Inflation Retreating, Economy Withdrawing | Inflación en retroceso, economía en retirada

By Gonzalo Chávez, Brujula Digital:

At first glance, the data looks like a small statistical marvel, almost a sleight of hand worthy of a magic show: in February, monthly inflation was -0.62%, and in March it was -0.34%. Two consecutive months with the consumer price index (CPI) falling, no less, after a heavy blow to fuel prices and in the midst of a sharp devaluation of the parallel exchange rate.

In a normal country, one might think the economy suddenly found inner peace, sat in a lotus position, and decided to reconcile with stability. But Bolivia, as we know, does not usually practice macroeconomic yoga. Here, when prices fall, it is best to first check whether we are facing genuine relief or simply a patient who no longer even has the strength to complain. It has already been three years since the economy entered a recession: idle machines, unworked land, and unemployed people.

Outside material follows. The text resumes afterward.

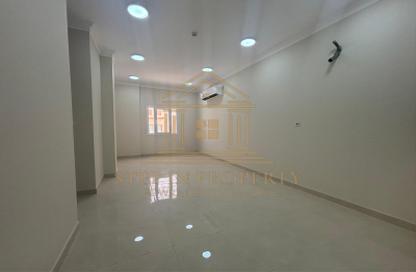 Apartment - 2 Bedrooms - 3 Bathrooms for rent in Al Nasr Street - Al Nasr - Doha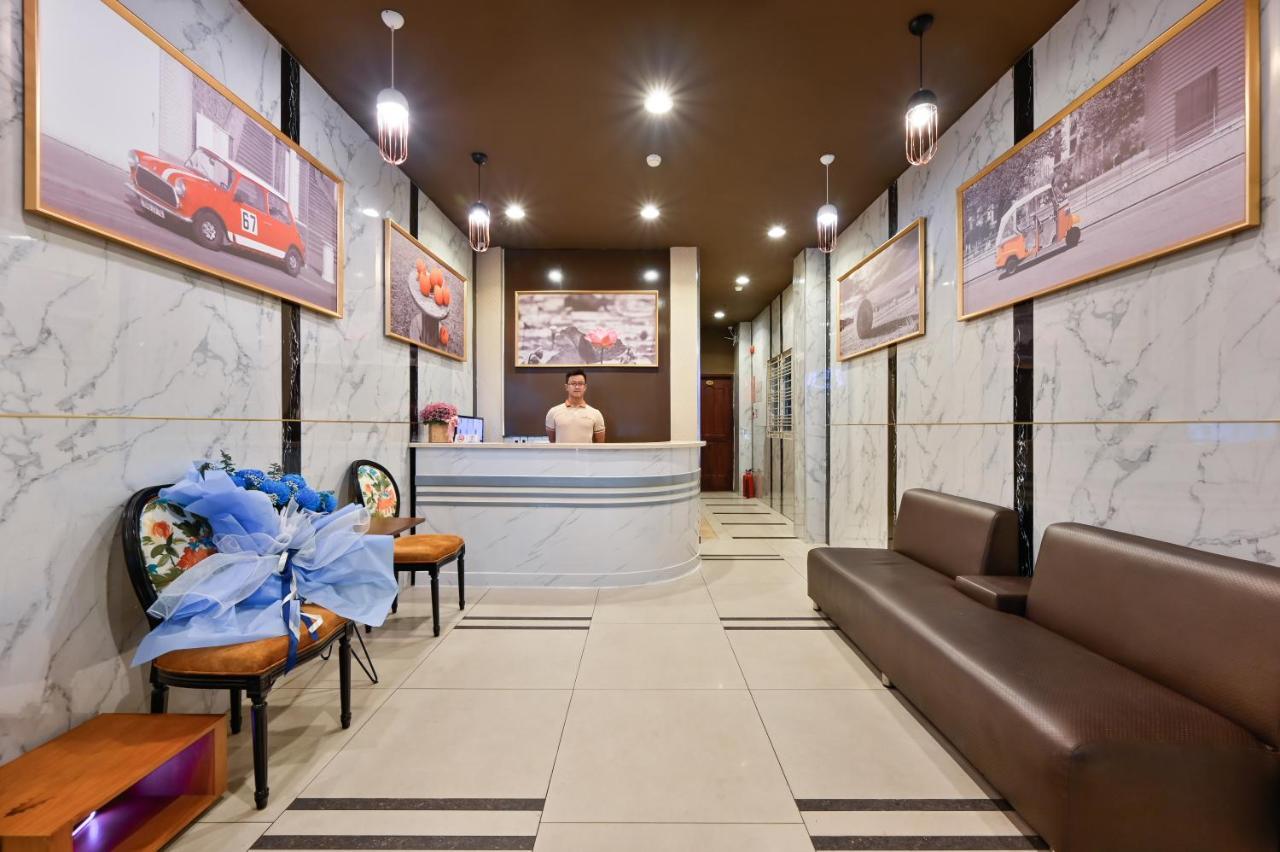 The Noble Swan Hotel New World Хошимин Экстерьер фото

The National Institute of Statistics (INE) explained that February’s drop in inflation was mainly associated with lower prices for chicken, tomatoes, interdepartmental transportation, onions, and potatoes. March’s decline was also linked to reductions in tomatoes, interdepartmental transportation, bananas, boneless beef, apples, and rice. In other words, a significant part of the deflation is concentrated in food and some specific services, not in any epic victory of economic policy.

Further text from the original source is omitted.